GIVEN MATERIAL -
--*--

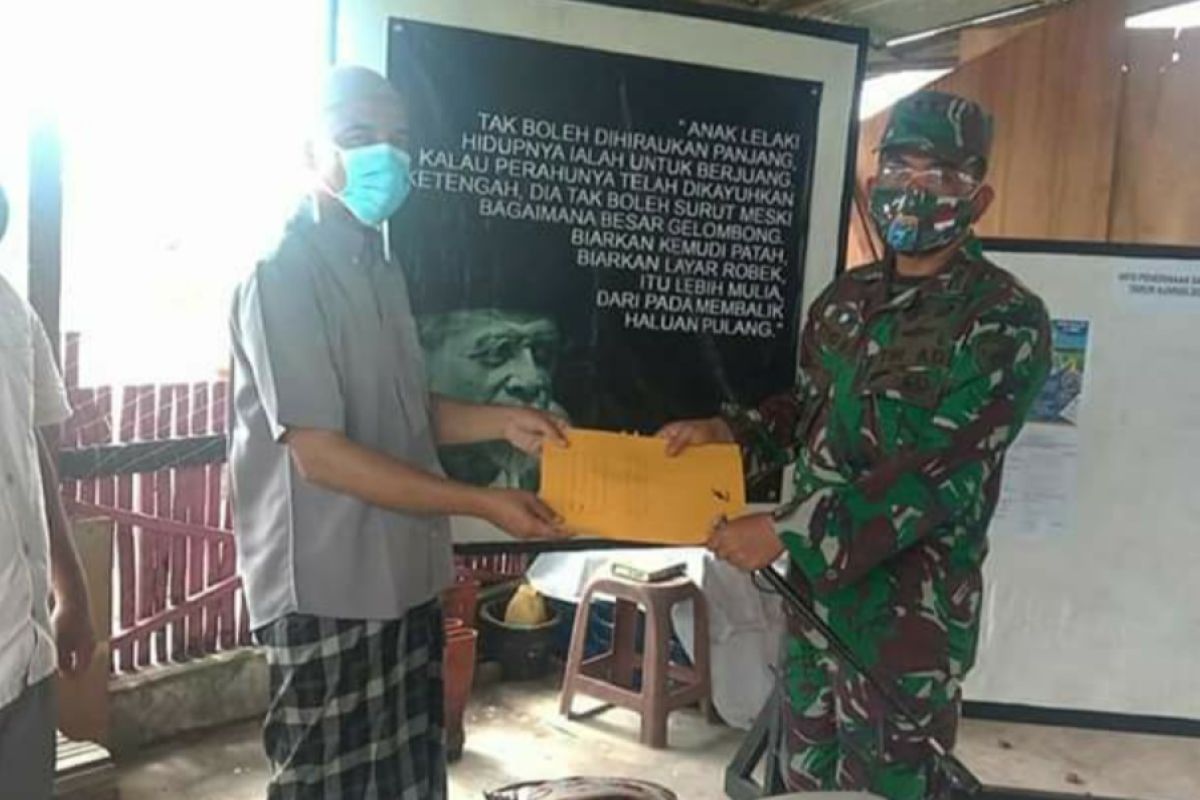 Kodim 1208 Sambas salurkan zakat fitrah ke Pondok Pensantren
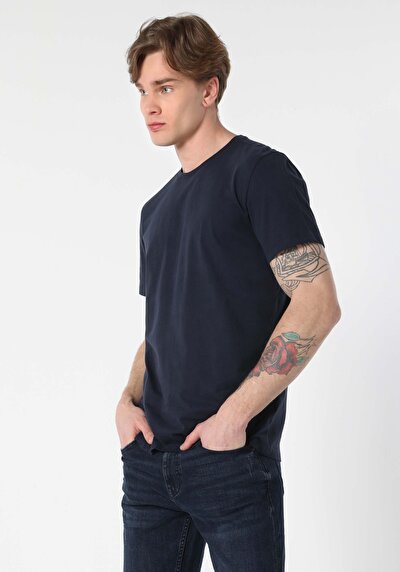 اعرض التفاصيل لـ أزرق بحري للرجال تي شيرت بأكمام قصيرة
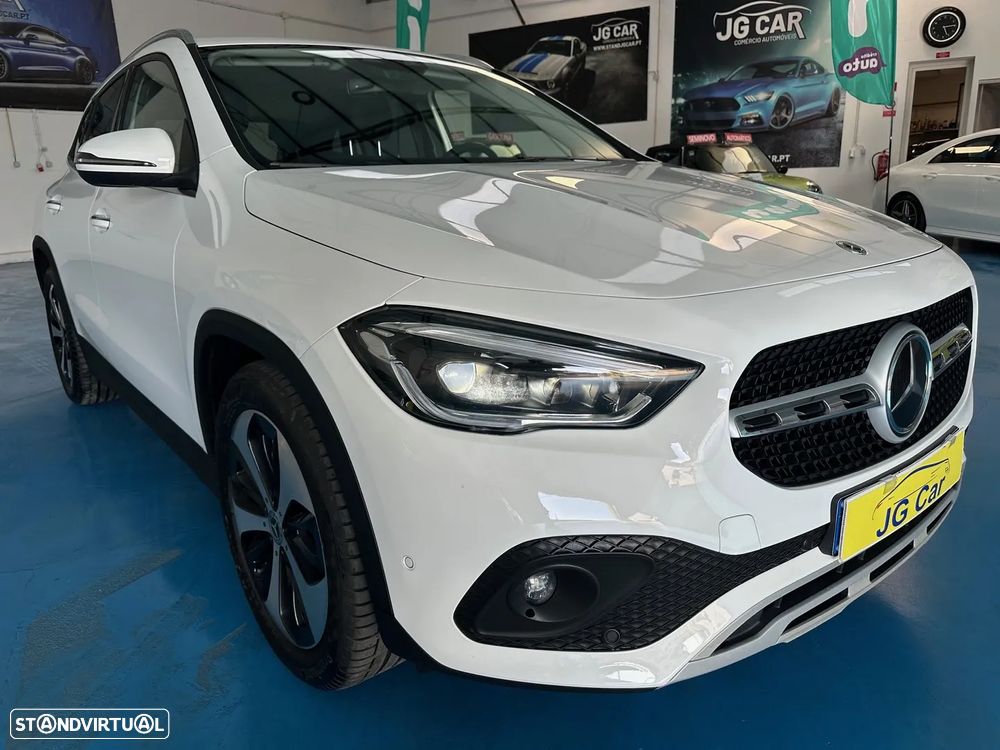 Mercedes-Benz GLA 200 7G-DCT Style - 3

--*--

INSTRUCTIONS TO FOLLOW -
Your answer must reproduce exactly the lines from the line with "اعرض التفاصيل لـ" through the end of the material, both ends included, with every picture dropped.

EXERCISE RESPONSE -
 اعرض التفاصيل لـ أزرق بحري للرجال تي شيرت بأكمام قصيرة
 Mercedes-Benz GLA 200 7G-DCT Style - 3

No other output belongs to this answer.